Detective Patrick Fox said he went through the program with fallen officer Martoiya Lang in mind. He was driving to work Dec. 14 when he learned officer Lang had been gunned down. He said he drove to the scene and comforted her team members, but after Friday Fox can offer a new level of support -- life support.
"I was in a state of disbelief," Fox said about hearing Lang was shot along with officer William Vrooman, who survived his wounds, on the morning of Dec. 14. "We had planned to go shopping Saturday. She loved to shop."

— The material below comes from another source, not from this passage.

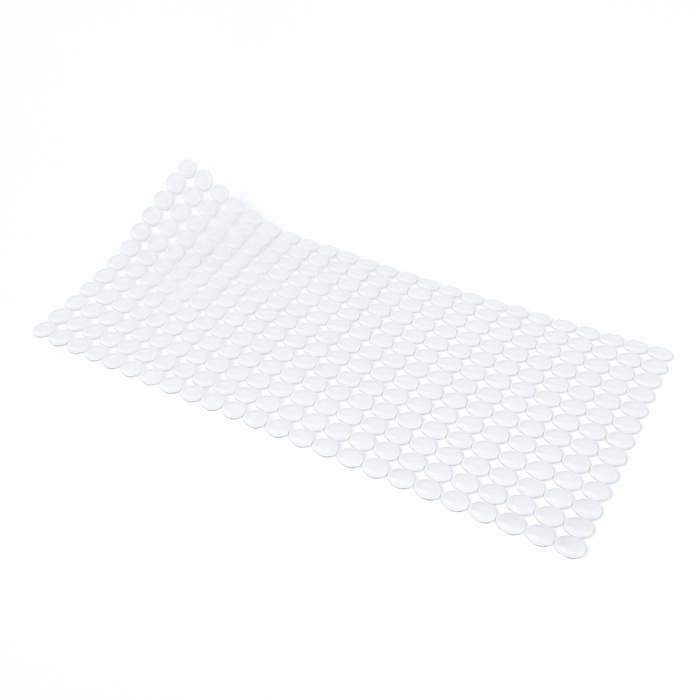 TAPPETO ANTISCIVOLO PER VASCA MOD. RONDO'  CM 72X36- Cristallo- DH- pezzi 1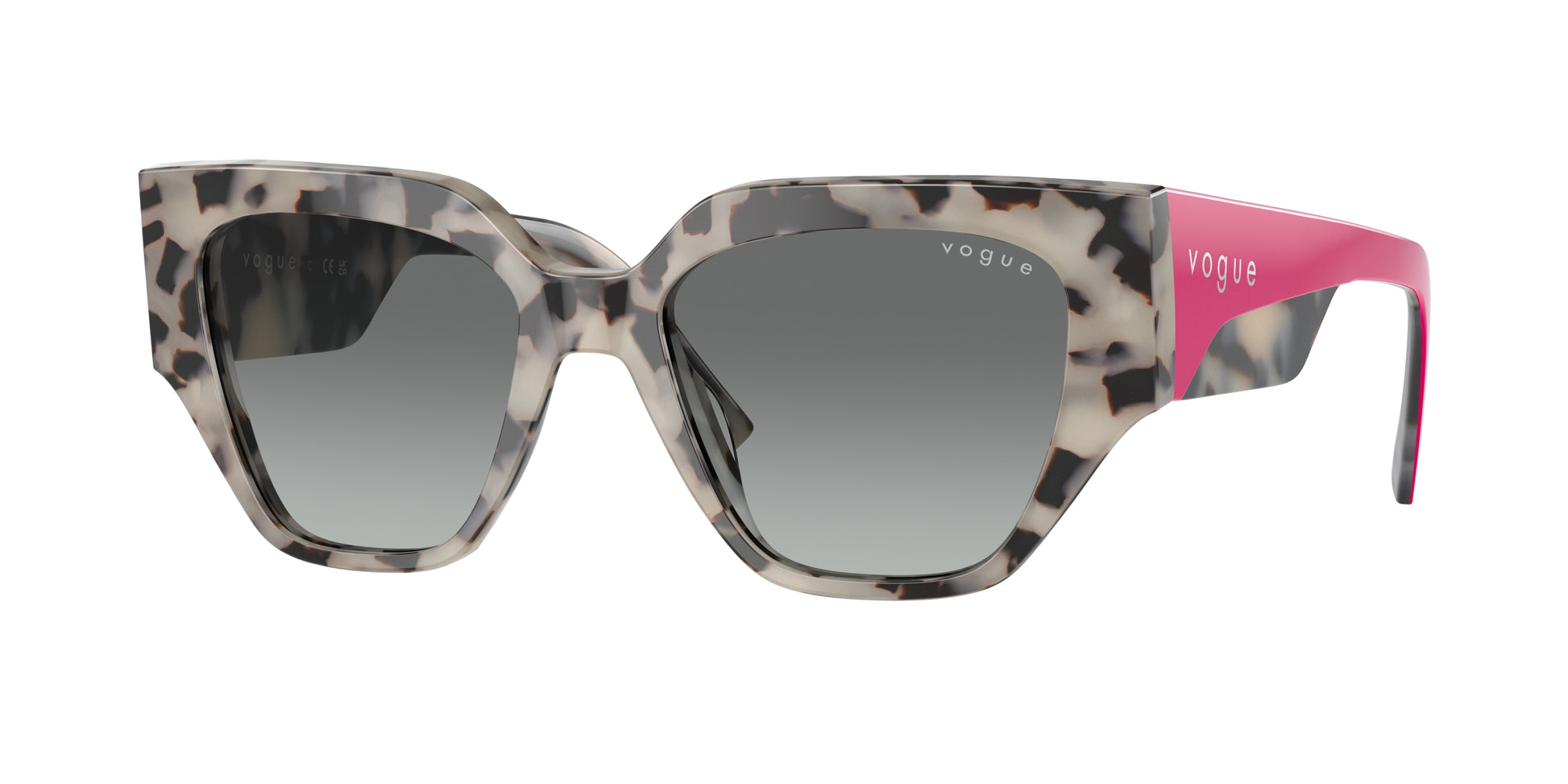 Vogue VO5409S Irregular Sunglasses  307611-Ivory/Beige Tortoise 52-140-18 - Color Map Tortoise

In the two years that Toney Armstrong has been the director of the Memphis Police Department, 11 officers have been shot, with two being fatally wounded. Armstrong said he's not proud of that number and got his department involved in the EMT program with the idea of not only protecting people, but saving lives.
"We're partners," Armstrong said of the fire department. "Them allowing us to participate just solidifies that."
Mark Boyd, MFD chief of training, said it took two months for the department to get clearance from the state EMS board to train the men in blue for 14 weeks. He said finally winning EMT certification for officers Vaughn Brown, Timothy Jackson, Fredrick Worthy and Fox, a former firefighter, was worth the wait.
"Now they can fix each other and if they beat us to the scene they can start doctoring themselves," Boyd jokingly said to the crowd Friday night.
Brown, who works at MPD's training academy, said he plans to pass along what he's learned to his future classes, which will benefit people in extreme situations.
"With all of the mass shootings like Sandy Hook and Virginia Tech, it's good to have that knowledge," Brown said. "EMS isn't going to go into those situations until we've secured and cleared the scene. A person can bleed out in four to six minutes, so what we do is paramount."
Brown said, "People typically associate police with putting handcuffs on them. Now we can save their lives, too."